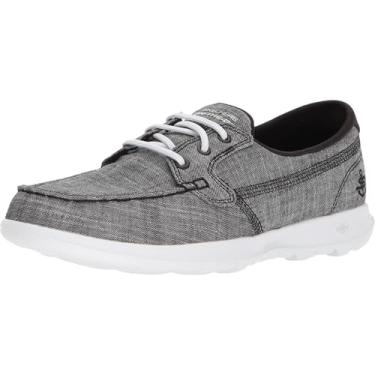 Imagem de Skechers Go Walk Lite - Sapato náutico feminino Isla, Preto/branco, 7.5 Wide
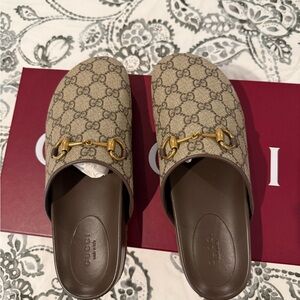 Gucci Women's Brown Monogram Mules w/  Horsebit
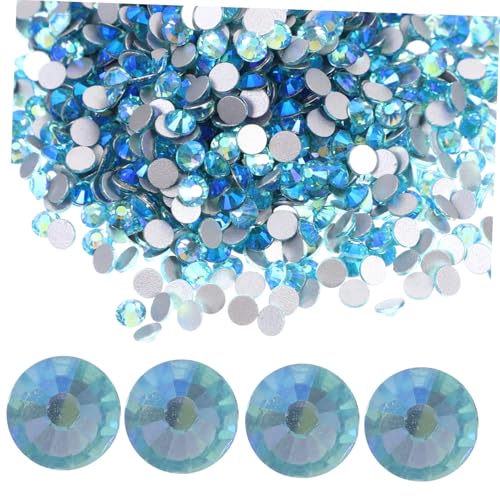 PENIKOKO 1440 Stück Flache Glas Strasssteine Nail Art Dekoration Rund Strahlend Leichte Flatback Rhinestones Geeignet für Natürliche Künstliche Nägel DIY Nail Charm Zubehör von PENIKOKO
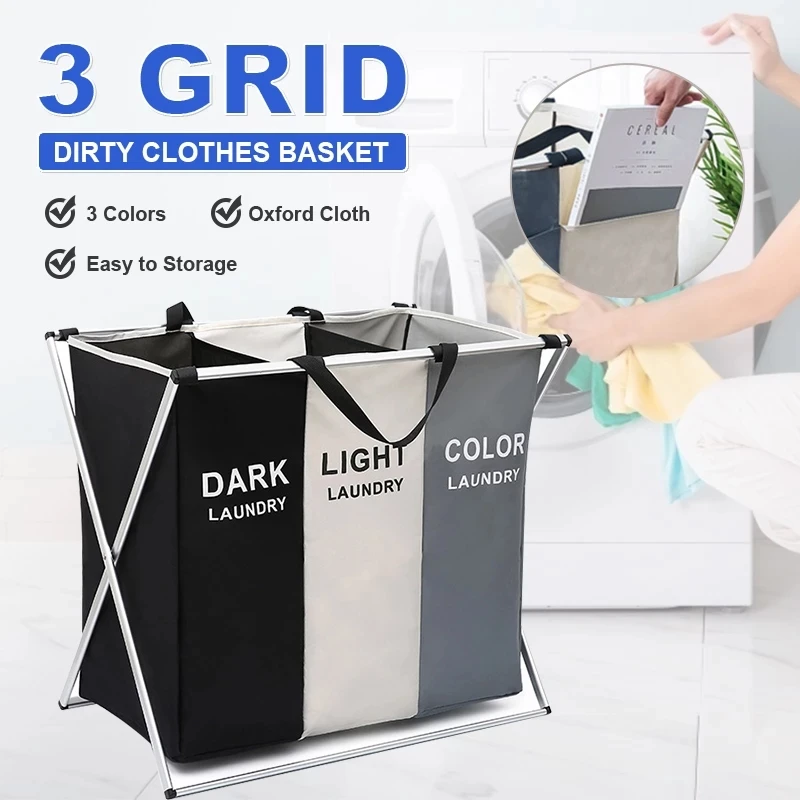 

Dirty Clothes Storage Basket 2/3 Grid Organizer Basket Collapsible Large Laundry Hamper Waterproof Home Laundry Basket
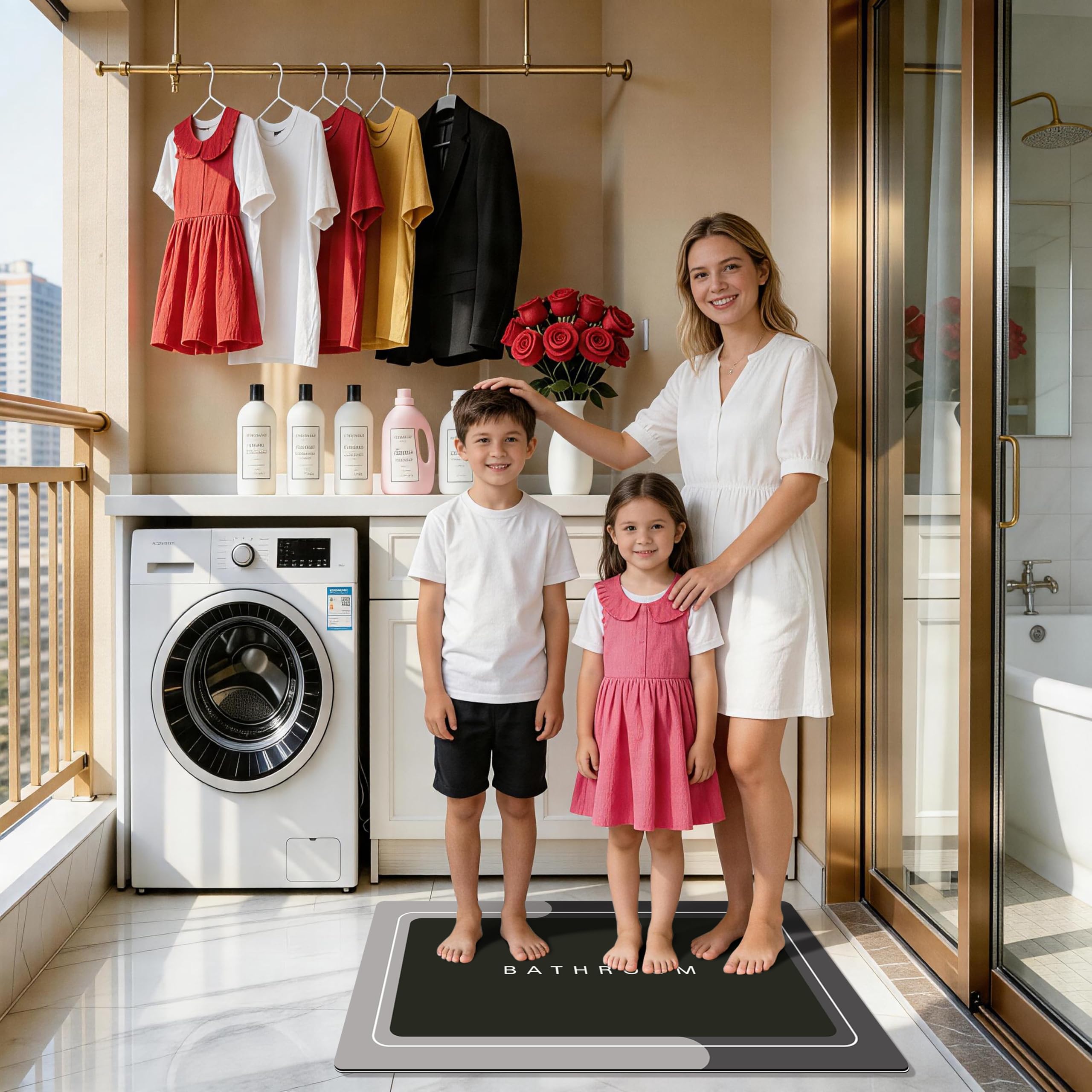 Deparnit Alfombras de baño de goma antideslizantes de secado rápido, súper absorbentes, delgadas, se ajustan debajo de la puerta, alfombras rectangulares lavables a la moda para baño, bañera, ducha y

+ + + + + + +

• PROMPT
All of the data above is to be repeated exactly, with the pictures left out.

• ANSWER TO THIS PROBLEM
 Imagem de Skechers Go Walk Lite - Sapato náutico feminino Isla, Preto/branco, 7.5 Wide
 Gucci Women's Brown Monogram Mules w/  Horsebit
 PENIKOKO 1440 Stück Flache Glas Strasssteine Nail Art Dekoration Rund Strahlend Leichte Flatback Rhinestones Geeignet für Natürliche Künstliche Nägel DIY Nail Charm Zubehör von PENIKOKO

Dirty Clothes Storage Basket 2/3 Grid Organizer Basket Collapsible Large Laundry Hamper Waterproof Home Laundry Basket
 Deparnit Alfombras de baño de goma antideslizantes de secado rápido, súper absorbentes, delgadas, se ajustan debajo de la puerta, alfombras rectangulares lavables a la moda para baño, bañera, ducha y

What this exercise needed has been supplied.